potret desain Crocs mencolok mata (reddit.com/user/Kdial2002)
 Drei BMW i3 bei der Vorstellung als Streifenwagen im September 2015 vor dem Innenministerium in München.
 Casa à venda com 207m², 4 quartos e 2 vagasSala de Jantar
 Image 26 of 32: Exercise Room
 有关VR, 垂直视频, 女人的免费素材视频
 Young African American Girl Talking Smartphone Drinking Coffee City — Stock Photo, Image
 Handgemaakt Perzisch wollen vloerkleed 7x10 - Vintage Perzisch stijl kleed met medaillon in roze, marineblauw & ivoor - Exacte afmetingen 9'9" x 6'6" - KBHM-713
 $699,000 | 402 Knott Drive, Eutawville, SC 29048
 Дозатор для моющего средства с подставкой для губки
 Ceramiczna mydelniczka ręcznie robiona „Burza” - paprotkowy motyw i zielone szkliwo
★ ★ ★ ★ ★
» What needs to be done
Set down, exactly as they stand above, the lines starting with the line with "Handgemaakt Perzisch wollen" and going on through the line with "Дозатор для моющего", and no others.

» Response for this exercise
 Handgemaakt Perzisch wollen vloerkleed 7x10 - Vintage Perzisch stijl kleed met medaillon in roze, marineblauw & ivoor - Exacte afmetingen 9'9" x 6'6" - KBHM-713
 $699,000 | 402 Knott Drive, Eutawville, SC 29048
 Дозатор для моющего средства с подставкой для губки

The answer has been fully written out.